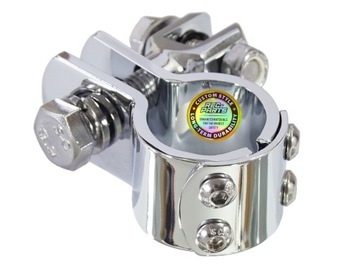 Ручки зажимных колясок до 32 мм гмоли + 25,4 мм хромовых адаптеров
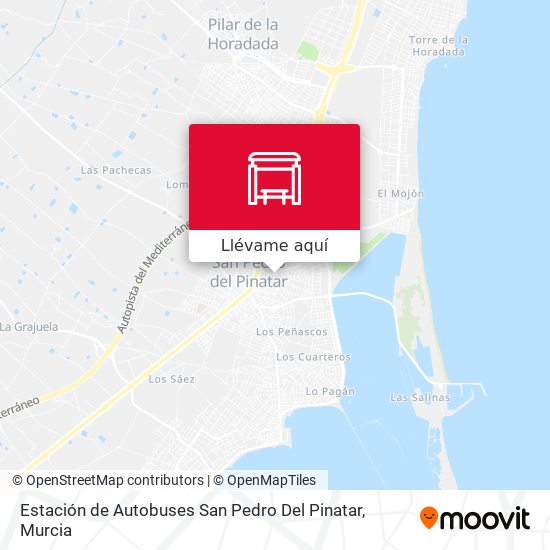 Mapa Estación de Autobuses San Pedro Del Pinatar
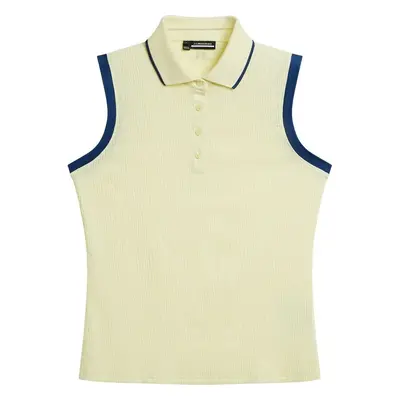 J.Lindeberg Lila Sleeveless Wax Yellow Polo Shirt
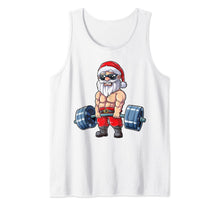 Load image into Gallery viewer, Funny shirts V-neck Tank top Hoodie sweatshirt usa uk au ca gifts for Santa Weightlifting Christmas Fitness Gym Deadlift Xmas Men Tank Top 609535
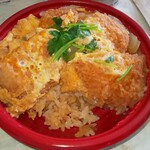 愛情館 - ヒレカツ丼(大)￥500税込(R3.9.15撮影)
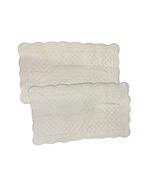 Simply Shabby Chic ~ 2 Ashwell GRAY Quilted Scalloped Edge Shams - $59.21 CAD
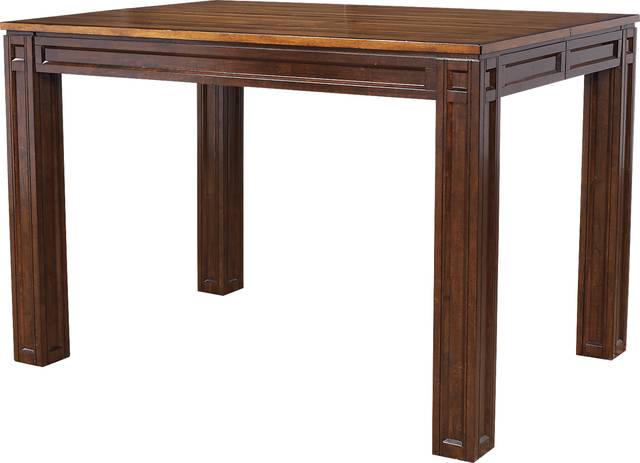 Adelson Chocolate 5 Pc Counter Height Dining Room - Thumbnail - Image 2
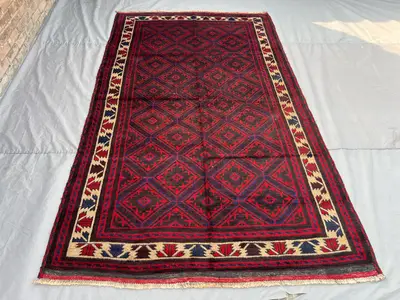 6x10 Afghan Hand-Knotted Turkoman Ersari Rug – Vintage Soft Pile, One-of-a-Kind, Farmhouse & Living Room Decor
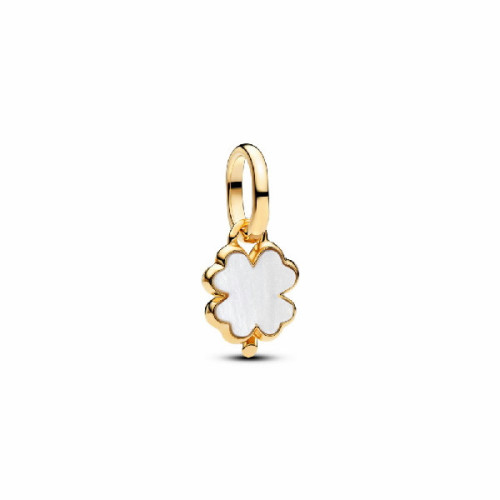 Charm Colgante Trébol de la Suerte Blanco PANDORA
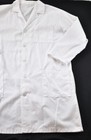 Unisex Talvania White Lab Coat Size Large Pockets   Big Button Cotton polyester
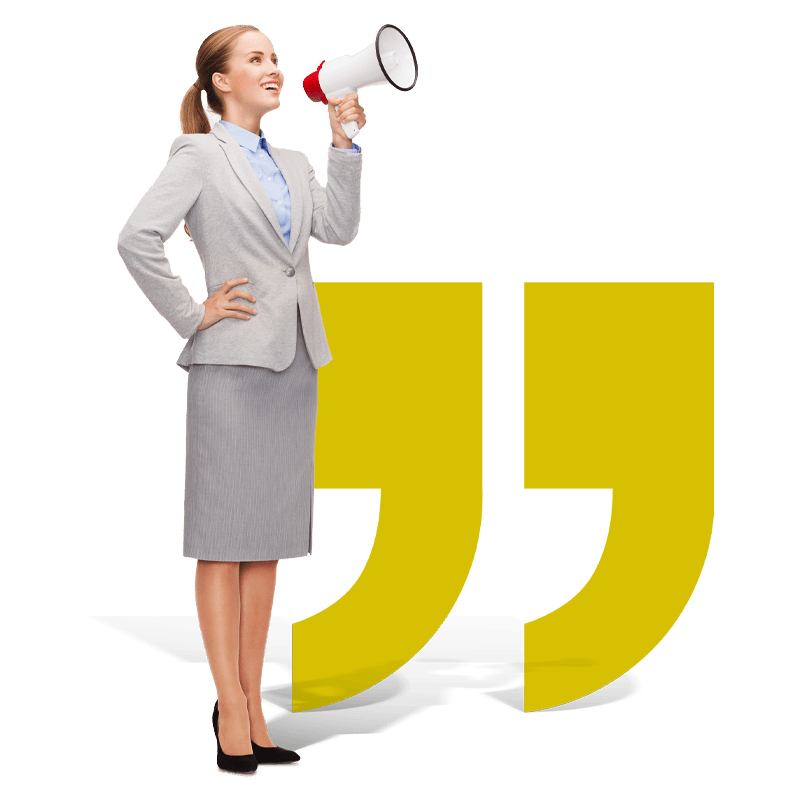 Testimonials: handing the megaphone to our clients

-------

__Directions__.
Please transcribe every record above exactly as written, leaving out the pictures.

__Solution to this problem__.
 Ручки зажимных колясок до 32 мм гмоли + 25,4 мм хромовых адаптеров
 Mapa Estación de Autobuses San Pedro Del Pinatar
 J.Lindeberg Lila Sleeveless Wax Yellow Polo Shirt
 Load image into Gallery viewer, Funny shirts V-neck Tank top Hoodie sweatshirt usa uk au ca gifts for Santa Weightlifting Christmas Fitness Gym Deadlift Xmas Men Tank Top 609535
 愛情館 - ヒレカツ丼(大)￥500税込(R3.9.15撮影)
 Simply Shabby Chic ~ 2 Ashwell GRAY Quilted Scalloped Edge Shams - $59.21 CAD
 Adelson Chocolate 5 Pc Counter Height Dining Room - Thumbnail - Image 2
 6x10 Afghan Hand-Knotted Turkoman Ersari Rug – Vintage Soft Pile, One-of-a-Kind, Farmhouse & Living Room Decor
 Charm Colgante Trébol de la Suerte Blanco PANDORA
 Unisex Talvania White Lab Coat Size Large Pockets   Big Button Cotton polyester
 Testimonials: handing the megaphone to our clients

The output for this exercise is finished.